God showed how much he cares about us not only by elevating us to positions of royalty in his world, but even more by lowering himself to the position of servant and criminal.  Phil. 2 puts it in terms of mindfulness.  “Have this mind among yourselves which you have in Christ Jesus: Who, being in very nature God, did not consider equality with God something to be grasped, but made himself nothing, taking the very nature of a servant, being made in human likeness.  And being found in appearance as a man, he humbled himself and became obedient to death—even death on a cross.”  That’s how mindful God is of us.  That’s how much God cares about us.

This line of exegesis and application opens Psalm 8 up to some Trinitarian musing.  The God who created us a little lower than the angels has lowered himself to the cross. The God whose name is majestic in all the earth has become a “no name” who descended to the depths of hell.  That’s how mindful God is of us, how much he cares for us.

I think of that lovely blond on the cover of Time, a model of the mindfulness revolution that has its roots in Buddhism.  She’s peaceful and productive, because her attention is focused on one thing at a time.  That’s good.  Wouldn’t it be even better if her mouth were opened in praise to Jesus, because her attention is focused on the one God who is always mindful of us?   Psalm 8 invites us to take the mindfulness revolution to its theological conclusion and focus on the one who demonstrated once and for all the heart and mind of God on that cross.

That’s not easy to do.  It is frightfully hard to keep our minds on God.  We get distracted by the pleasures and pains of life, and we lose our focus on God.  Here’s where the mindfulness revolution can be helpful to us.  We need to train ourselves to be mindful of Christ, as the early Christians were.  Col. 3:1 says we must “set our minds on things above where Christ is….”  We need to learn to empty our minds of all distractions and focus on Christ.  When we are convinced God has forgotten us or we are doubtful that he cares, we must “set our minds on Christ….”

Here’s how we can do that.  As we huddle over the steam vents of our lives, over whatever it is that gives us peace and purpose in a hectic multi-tasking world, we must look up at the cross.  Set your mind on the Crucified One.  Then get up on your feet.  Come back to Christ.  Regain your place as one of the rulers of his world. Then give him the praise.
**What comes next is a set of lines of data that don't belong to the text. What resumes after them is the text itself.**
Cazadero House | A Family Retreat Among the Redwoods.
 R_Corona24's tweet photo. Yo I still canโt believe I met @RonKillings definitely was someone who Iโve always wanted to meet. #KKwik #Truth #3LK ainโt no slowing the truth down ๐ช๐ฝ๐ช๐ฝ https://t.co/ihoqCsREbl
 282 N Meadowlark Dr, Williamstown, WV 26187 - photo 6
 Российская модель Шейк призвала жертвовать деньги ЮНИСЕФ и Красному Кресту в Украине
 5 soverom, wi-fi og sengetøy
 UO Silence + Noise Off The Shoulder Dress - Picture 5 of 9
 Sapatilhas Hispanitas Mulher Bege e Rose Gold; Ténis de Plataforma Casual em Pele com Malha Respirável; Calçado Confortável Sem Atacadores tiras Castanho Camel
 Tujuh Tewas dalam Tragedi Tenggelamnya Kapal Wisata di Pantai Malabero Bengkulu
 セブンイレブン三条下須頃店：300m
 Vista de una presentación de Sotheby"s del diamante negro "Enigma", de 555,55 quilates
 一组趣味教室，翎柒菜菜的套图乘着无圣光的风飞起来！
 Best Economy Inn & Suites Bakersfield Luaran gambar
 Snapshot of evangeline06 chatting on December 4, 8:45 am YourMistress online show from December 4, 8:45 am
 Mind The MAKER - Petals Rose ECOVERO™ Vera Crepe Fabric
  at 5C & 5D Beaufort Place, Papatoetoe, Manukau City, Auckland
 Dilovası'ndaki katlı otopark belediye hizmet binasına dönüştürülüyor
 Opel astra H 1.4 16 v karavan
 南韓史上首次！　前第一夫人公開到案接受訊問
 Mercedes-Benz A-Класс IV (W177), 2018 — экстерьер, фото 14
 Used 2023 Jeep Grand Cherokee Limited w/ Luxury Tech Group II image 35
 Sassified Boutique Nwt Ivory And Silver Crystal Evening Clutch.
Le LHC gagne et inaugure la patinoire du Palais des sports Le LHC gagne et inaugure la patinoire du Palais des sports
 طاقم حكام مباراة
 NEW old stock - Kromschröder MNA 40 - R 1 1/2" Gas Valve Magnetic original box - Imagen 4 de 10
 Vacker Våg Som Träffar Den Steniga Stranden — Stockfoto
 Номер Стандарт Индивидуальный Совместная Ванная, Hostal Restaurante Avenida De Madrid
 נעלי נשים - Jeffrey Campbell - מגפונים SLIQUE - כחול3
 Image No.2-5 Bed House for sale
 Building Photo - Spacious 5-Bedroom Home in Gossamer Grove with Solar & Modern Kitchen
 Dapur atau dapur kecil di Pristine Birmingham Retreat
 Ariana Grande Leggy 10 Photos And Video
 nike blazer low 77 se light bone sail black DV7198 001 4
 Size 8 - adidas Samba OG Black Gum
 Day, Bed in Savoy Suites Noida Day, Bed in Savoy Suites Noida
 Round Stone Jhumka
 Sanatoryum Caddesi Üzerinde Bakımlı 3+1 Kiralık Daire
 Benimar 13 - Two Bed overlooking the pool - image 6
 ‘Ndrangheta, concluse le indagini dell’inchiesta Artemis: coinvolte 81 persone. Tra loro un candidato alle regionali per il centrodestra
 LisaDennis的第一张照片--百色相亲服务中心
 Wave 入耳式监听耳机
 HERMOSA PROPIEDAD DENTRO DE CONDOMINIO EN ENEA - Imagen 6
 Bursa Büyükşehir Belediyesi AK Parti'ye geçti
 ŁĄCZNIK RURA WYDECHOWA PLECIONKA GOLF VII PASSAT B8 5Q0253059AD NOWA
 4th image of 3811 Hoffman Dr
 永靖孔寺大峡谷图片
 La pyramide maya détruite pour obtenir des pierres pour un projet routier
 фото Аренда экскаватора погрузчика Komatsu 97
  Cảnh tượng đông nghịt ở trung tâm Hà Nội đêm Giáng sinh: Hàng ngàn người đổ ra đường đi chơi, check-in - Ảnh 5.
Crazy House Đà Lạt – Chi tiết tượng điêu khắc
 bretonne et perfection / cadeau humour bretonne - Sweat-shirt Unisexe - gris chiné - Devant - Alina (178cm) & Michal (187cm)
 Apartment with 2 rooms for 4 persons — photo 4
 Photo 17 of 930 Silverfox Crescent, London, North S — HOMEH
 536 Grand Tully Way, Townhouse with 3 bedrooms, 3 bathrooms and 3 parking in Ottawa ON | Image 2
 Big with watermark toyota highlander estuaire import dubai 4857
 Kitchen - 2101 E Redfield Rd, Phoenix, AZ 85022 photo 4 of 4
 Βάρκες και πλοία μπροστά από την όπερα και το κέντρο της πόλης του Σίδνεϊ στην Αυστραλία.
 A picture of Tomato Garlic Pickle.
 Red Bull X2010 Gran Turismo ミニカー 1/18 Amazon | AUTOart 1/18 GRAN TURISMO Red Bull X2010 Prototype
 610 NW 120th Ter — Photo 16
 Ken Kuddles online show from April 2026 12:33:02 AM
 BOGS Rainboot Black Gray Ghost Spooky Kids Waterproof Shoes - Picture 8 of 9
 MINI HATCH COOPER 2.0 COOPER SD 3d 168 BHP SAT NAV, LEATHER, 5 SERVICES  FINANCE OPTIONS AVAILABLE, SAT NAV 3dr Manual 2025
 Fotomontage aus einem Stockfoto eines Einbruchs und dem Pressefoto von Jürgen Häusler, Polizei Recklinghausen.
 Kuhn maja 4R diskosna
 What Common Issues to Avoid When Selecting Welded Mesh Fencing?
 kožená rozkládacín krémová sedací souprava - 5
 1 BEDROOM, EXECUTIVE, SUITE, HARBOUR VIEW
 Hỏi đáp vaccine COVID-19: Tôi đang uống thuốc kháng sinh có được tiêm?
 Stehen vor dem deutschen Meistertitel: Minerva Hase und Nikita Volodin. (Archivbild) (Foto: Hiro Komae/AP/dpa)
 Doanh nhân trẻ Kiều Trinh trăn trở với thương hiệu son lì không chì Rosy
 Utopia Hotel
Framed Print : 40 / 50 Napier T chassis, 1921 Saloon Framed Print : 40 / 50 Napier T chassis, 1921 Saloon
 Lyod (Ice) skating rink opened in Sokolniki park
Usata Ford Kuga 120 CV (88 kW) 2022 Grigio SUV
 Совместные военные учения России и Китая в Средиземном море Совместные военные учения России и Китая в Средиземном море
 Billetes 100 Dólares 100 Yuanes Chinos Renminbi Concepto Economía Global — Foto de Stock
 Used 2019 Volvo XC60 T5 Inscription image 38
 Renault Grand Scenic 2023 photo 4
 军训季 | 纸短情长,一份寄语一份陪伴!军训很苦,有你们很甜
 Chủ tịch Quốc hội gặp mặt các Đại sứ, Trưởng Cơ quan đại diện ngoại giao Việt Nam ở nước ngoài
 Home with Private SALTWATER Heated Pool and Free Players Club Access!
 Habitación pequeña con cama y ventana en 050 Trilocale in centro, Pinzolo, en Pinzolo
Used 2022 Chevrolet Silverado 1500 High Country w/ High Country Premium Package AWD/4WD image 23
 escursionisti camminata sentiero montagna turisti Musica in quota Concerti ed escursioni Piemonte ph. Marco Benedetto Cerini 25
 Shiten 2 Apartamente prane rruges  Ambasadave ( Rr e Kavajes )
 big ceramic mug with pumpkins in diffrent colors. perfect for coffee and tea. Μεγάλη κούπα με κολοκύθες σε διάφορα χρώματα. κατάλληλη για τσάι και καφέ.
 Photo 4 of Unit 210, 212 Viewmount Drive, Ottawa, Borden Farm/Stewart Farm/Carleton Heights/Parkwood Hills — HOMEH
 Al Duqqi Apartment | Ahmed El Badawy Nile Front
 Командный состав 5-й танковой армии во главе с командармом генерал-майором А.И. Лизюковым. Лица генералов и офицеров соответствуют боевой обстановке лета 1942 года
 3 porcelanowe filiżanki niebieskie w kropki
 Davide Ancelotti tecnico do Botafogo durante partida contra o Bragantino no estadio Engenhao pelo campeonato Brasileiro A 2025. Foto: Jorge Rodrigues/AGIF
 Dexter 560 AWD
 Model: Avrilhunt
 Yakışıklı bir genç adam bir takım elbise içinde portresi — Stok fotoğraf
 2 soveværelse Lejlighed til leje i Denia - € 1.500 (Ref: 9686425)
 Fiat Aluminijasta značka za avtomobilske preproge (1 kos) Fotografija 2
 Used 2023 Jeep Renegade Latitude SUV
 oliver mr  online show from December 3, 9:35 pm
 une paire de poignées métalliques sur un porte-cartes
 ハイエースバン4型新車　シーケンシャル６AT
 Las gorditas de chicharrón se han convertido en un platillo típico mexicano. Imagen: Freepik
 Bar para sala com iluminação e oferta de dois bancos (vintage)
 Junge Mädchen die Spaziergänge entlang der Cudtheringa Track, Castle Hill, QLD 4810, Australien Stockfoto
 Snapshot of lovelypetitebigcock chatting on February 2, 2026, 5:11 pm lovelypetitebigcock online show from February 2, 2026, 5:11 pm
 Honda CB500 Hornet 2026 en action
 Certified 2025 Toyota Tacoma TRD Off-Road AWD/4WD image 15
When our attempts at Christian mindfulness fail us, we can count on this.  The Lord, Jesus Christ, is mindful of us.  Nothing can distract him from paying attention to us and nothing in all this world can keep him from caring for us.  “O Jesus, our Lord, how majestic and merciful is your name in all the earth.”

Illustration Idea

I’m not much of an opera buff, but a while back I was privileged to attend “Madame Butterfly” in downtown Grand Rapids, Michigan.  It is the tragic story of a young Japanese girl who is swept off her feet by a dashing United States naval officer who is visiting Nagasaki.  Though he is simply being impetuous, she falls deeply in love with him, and they marry.  To cement their relationship, she leaves Buddhism and converts to Christianity.  A large cross displayed in an important part of her house symbolizes her new faith and her love for her husband.

His ship soon sails, and he is gone for three long years.  Every day she scans the horizon looking for his ship.  Every day she prays to the Christian God for his return.  After three years, she begins to waver.  “The Japanese gods are fat and lazy, but does the Christian God even know where I am?”  Then her husband returns, and she is overjoyed– until she meets his new American wife.  In a fit of rage and grief, Madame Butterfly sweeps the cross from its place in her house, smashing it to the ground.  And then she kills herself.

Only if we keep that cross at the center through all the disappointments and disasters of our lives will we be able to begin and end each day with the words that bracket this great Psalm.  “O Lord, our Lord, how majestic is your name in all the earth.”